What needs to be done
For this exercise, print all of the data exactly as given.

Records provided
------------------------------------

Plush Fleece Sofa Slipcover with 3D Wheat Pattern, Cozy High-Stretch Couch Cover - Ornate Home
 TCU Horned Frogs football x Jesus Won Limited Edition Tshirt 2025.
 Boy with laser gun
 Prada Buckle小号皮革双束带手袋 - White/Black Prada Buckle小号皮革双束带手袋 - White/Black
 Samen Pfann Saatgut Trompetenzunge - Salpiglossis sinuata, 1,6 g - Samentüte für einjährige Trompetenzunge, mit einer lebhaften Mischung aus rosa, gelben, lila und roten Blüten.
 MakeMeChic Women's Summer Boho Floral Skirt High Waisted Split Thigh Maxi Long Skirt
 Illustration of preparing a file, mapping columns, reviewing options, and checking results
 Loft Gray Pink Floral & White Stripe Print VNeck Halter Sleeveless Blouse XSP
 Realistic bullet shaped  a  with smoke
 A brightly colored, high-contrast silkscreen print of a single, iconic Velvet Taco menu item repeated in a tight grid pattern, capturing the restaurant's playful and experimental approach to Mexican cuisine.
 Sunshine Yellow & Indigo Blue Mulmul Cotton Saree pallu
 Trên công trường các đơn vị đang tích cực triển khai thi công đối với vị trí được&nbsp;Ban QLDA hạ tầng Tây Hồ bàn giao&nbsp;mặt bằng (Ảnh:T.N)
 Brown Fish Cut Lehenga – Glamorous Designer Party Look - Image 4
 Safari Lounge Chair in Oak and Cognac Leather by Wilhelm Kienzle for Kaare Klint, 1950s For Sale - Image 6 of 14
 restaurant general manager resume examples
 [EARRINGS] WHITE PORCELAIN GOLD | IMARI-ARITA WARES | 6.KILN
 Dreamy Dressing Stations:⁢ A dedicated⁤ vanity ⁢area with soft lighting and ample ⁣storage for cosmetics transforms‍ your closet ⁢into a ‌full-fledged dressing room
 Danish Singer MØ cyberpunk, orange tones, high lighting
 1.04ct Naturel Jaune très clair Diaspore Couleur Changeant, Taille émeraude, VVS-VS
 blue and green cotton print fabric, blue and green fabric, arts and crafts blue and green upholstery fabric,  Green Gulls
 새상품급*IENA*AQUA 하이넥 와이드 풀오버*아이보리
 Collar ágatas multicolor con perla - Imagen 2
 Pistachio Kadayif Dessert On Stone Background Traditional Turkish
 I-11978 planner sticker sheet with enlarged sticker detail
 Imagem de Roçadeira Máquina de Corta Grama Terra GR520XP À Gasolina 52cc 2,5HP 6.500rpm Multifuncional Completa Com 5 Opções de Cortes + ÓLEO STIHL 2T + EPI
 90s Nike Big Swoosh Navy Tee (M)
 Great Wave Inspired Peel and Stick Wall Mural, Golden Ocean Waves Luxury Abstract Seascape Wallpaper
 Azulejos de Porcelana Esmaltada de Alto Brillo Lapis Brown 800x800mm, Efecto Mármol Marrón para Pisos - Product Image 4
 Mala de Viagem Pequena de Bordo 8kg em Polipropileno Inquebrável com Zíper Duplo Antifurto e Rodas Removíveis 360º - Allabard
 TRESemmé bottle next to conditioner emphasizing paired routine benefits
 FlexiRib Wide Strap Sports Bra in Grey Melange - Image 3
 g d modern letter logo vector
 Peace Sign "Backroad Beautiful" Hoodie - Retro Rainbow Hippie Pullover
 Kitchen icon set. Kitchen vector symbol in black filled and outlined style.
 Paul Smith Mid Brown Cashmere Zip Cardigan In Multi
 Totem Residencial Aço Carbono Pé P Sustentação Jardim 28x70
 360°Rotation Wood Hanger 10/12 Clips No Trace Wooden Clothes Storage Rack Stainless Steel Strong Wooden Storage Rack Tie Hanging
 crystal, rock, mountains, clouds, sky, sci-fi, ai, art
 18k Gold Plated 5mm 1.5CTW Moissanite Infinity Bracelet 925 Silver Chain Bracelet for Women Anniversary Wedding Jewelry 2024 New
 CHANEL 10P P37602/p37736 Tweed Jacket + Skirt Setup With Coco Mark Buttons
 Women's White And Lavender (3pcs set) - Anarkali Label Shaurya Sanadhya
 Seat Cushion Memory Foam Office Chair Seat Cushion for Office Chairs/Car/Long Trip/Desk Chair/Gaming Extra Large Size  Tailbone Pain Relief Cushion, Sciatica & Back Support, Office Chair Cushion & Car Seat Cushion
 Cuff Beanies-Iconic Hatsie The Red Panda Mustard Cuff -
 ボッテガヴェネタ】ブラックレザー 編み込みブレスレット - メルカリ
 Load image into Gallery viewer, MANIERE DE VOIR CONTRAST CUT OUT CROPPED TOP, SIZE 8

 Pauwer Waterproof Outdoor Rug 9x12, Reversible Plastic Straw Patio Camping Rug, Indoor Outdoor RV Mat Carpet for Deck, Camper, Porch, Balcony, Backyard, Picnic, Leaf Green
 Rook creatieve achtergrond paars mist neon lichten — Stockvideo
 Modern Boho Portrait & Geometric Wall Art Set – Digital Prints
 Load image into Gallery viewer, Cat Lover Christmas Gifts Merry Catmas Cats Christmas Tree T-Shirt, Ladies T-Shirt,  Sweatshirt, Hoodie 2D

------------------------------------

Your response
Plush Fleece Sofa Slipcover with 3D Wheat Pattern, Cozy High-Stretch Couch Cover - Ornate Home
 TCU Horned Frogs football x Jesus Won Limited Edition Tshirt 2025.
 Boy with laser gun
 Prada Buckle小号皮革双束带手袋 - White/Black Prada Buckle小号皮革双束带手袋 - White/Black
 Samen Pfann Saatgut Trompetenzunge - Salpiglossis sinuata, 1,6 g - Samentüte für einjährige Trompetenzunge, mit einer lebhaften Mischung aus rosa, gelben, lila und roten Blüten.
 MakeMeChic Women's Summer Boho Floral Skirt High Waisted Split Thigh Maxi Long Skirt
 Illustration of preparing a file, mapping columns, reviewing options, and checking results
 Loft Gray Pink Floral & White Stripe Print VNeck Halter Sleeveless Blouse XSP
 Realistic bullet shaped  a  with smoke
 A brightly colored, high-contrast silkscreen print of a single, iconic Velvet Taco menu item repeated in a tight grid pattern, capturing the restaurant's playful and experimental approach to Mexican cuisine.
 Sunshine Yellow & Indigo Blue Mulmul Cotton Saree pallu
 Trên công trường các đơn vị đang tích cực triển khai thi công đối với vị trí được&nbsp;Ban QLDA hạ tầng Tây Hồ bàn giao&nbsp;mặt bằng (Ảnh:T.N)
 Brown Fish Cut Lehenga – Glamorous Designer Party Look - Image 4
 Safari Lounge Chair in Oak and Cognac Leather by Wilhelm Kienzle for Kaare Klint, 1950s For Sale - Image 6 of 14
 restaurant general manager resume examples
 [EARRINGS] WHITE PORCELAIN GOLD | IMARI-ARITA WARES | 6.KILN
 Dreamy Dressing Stations:⁢ A dedicated⁤ vanity ⁢area with soft lighting and ample ⁣storage for cosmetics transforms‍ your closet ⁢into a ‌full-fledged dressing room
 Danish Singer MØ cyberpunk, orange tones, high lighting
 1.04ct Naturel Jaune très clair Diaspore Couleur Changeant, Taille émeraude, VVS-VS
 blue and green cotton print fabric, blue and green fabric, arts and crafts blue and green upholstery fabric,  Green Gulls
 새상품급*IENA*AQUA 하이넥 와이드 풀오버*아이보리
 Collar ágatas multicolor con perla - Imagen 2
 Pistachio Kadayif Dessert On Stone Background Traditional Turkish
 I-11978 planner sticker sheet with enlarged sticker detail
 Imagem de Roçadeira Máquina de Corta Grama Terra GR520XP À Gasolina 52cc 2,5HP 6.500rpm Multifuncional Completa Com 5 Opções de Cortes + ÓLEO STIHL 2T + EPI
 90s Nike Big Swoosh Navy Tee (M)
 Great Wave Inspired Peel and Stick Wall Mural, Golden Ocean Waves Luxury Abstract Seascape Wallpaper
 Azulejos de Porcelana Esmaltada de Alto Brillo Lapis Brown 800x800mm, Efecto Mármol Marrón para Pisos - Product Image 4
 Mala de Viagem Pequena de Bordo 8kg em Polipropileno Inquebrável com Zíper Duplo Antifurto e Rodas Removíveis 360º - Allabard
 TRESemmé bottle next to conditioner emphasizing paired routine benefits
 FlexiRib Wide Strap Sports Bra in Grey Melange - Image 3
 g d modern letter logo vector
 Peace Sign "Backroad Beautiful" Hoodie - Retro Rainbow Hippie Pullover
 Kitchen icon set. Kitchen vector symbol in black filled and outlined style.
 Paul Smith Mid Brown Cashmere Zip Cardigan In Multi
 Totem Residencial Aço Carbono Pé P Sustentação Jardim 28x70
 360°Rotation Wood Hanger 10/12 Clips No Trace Wooden Clothes Storage Rack Stainless Steel Strong Wooden Storage Rack Tie Hanging
 crystal, rock, mountains, clouds, sky, sci-fi, ai, art
 18k Gold Plated 5mm 1.5CTW Moissanite Infinity Bracelet 925 Silver Chain Bracelet for Women Anniversary Wedding Jewelry 2024 New
 CHANEL 10P P37602/p37736 Tweed Jacket + Skirt Setup With Coco Mark Buttons
 Women's White And Lavender (3pcs set) - Anarkali Label Shaurya Sanadhya
 Seat Cushion Memory Foam Office Chair Seat Cushion for Office Chairs/Car/Long Trip/Desk Chair/Gaming Extra Large Size  Tailbone Pain Relief Cushion, Sciatica & Back Support, Office Chair Cushion & Car Seat Cushion
 Cuff Beanies-Iconic Hatsie The Red Panda Mustard Cuff -
 ボッテガヴェネタ】ブラックレザー 編み込みブレスレット - メルカリ
 Load image into Gallery viewer, MANIERE DE VOIR CONTRAST CUT OUT CROPPED TOP, SIZE 8

 Pauwer Waterproof Outdoor Rug 9x12, Reversible Plastic Straw Patio Camping Rug, Indoor Outdoor RV Mat Carpet for Deck, Camper, Porch, Balcony, Backyard, Picnic, Leaf Green
 Rook creatieve achtergrond paars mist neon lichten — Stockvideo
 Modern Boho Portrait & Geometric Wall Art Set – Digital Prints
 Load image into Gallery viewer, Cat Lover Christmas Gifts Merry Catmas Cats Christmas Tree T-Shirt, Ladies T-Shirt,  Sweatshirt, Hoodie 2D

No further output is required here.